(Stored dataset items)
[Start of Attachment]
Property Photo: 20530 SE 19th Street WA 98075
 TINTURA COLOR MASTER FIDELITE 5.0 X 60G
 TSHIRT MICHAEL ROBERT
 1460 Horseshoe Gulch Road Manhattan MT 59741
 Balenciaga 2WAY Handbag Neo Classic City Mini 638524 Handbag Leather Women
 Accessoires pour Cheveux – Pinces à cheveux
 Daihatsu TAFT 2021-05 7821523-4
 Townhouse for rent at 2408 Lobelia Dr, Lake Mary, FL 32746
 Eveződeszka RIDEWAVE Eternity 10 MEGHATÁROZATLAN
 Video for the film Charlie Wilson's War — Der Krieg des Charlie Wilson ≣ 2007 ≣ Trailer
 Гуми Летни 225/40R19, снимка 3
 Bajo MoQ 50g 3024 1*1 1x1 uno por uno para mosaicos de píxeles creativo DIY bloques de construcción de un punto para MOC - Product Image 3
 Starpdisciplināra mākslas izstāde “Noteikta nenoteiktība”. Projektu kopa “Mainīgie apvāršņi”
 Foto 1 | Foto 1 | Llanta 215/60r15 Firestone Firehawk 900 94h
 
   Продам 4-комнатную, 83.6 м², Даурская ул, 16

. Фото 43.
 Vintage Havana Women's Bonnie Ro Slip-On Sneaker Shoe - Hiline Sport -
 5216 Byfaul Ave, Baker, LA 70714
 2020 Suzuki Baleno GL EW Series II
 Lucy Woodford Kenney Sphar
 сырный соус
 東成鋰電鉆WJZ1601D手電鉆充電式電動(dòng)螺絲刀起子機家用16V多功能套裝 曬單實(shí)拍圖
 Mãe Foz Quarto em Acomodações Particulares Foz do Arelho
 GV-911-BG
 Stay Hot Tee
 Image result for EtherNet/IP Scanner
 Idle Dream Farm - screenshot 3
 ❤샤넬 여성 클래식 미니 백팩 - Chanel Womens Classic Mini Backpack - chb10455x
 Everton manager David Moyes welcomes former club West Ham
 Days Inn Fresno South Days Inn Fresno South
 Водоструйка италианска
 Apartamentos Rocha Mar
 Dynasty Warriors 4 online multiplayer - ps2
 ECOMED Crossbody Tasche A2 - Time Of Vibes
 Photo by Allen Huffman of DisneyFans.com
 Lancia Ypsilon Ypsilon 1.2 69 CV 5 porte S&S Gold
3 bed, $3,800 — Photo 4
[End of Attachment]
Problem description » All lines of the data above must be repeated exactly.

Exercise result »
Property Photo: 20530 SE 19th Street WA 98075
 TINTURA COLOR MASTER FIDELITE 5.0 X 60G
 TSHIRT MICHAEL ROBERT
 1460 Horseshoe Gulch Road Manhattan MT 59741
 Balenciaga 2WAY Handbag Neo Classic City Mini 638524 Handbag Leather Women
 Accessoires pour Cheveux – Pinces à cheveux
 Daihatsu TAFT 2021-05 7821523-4
 Townhouse for rent at 2408 Lobelia Dr, Lake Mary, FL 32746
 Eveződeszka RIDEWAVE Eternity 10 MEGHATÁROZATLAN
 Video for the film Charlie Wilson's War — Der Krieg des Charlie Wilson ≣ 2007 ≣ Trailer
 Гуми Летни 225/40R19, снимка 3
 Bajo MoQ 50g 3024 1*1 1x1 uno por uno para mosaicos de píxeles creativo DIY bloques de construcción de un punto para MOC - Product Image 3
 Starpdisciplināra mākslas izstāde “Noteikta nenoteiktība”. Projektu kopa “Mainīgie apvāršņi”
 Foto 1 | Foto 1 | Llanta 215/60r15 Firestone Firehawk 900 94h
 
   Продам 4-комнатную, 83.6 м², Даурская ул, 16

. Фото 43.
 Vintage Havana Women's Bonnie Ro Slip-On Sneaker Shoe - Hiline Sport -
 5216 Byfaul Ave, Baker, LA 70714
 2020 Suzuki Baleno GL EW Series II
 Lucy Woodford Kenney Sphar
 сырный соус
 東成鋰電鉆WJZ1601D手電鉆充電式電動(dòng)螺絲刀起子機家用16V多功能套裝 曬單實(shí)拍圖
 Mãe Foz Quarto em Acomodações Particulares Foz do Arelho
 GV-911-BG
 Stay Hot Tee
 Image result for EtherNet/IP Scanner
 Idle Dream Farm - screenshot 3
 ❤샤넬 여성 클래식 미니 백팩 - Chanel Womens Classic Mini Backpack - chb10455x
 Everton manager David Moyes welcomes former club West Ham
 Days Inn Fresno South Days Inn Fresno South
 Водоструйка италианска
 Apartamentos Rocha Mar
 Dynasty Warriors 4 online multiplayer - ps2
 ECOMED Crossbody Tasche A2 - Time Of Vibes
 Photo by Allen Huffman of DisneyFans.com
 Lancia Ypsilon Ypsilon 1.2 69 CV 5 porte S&S Gold
3 bed, $3,800 — Photo 4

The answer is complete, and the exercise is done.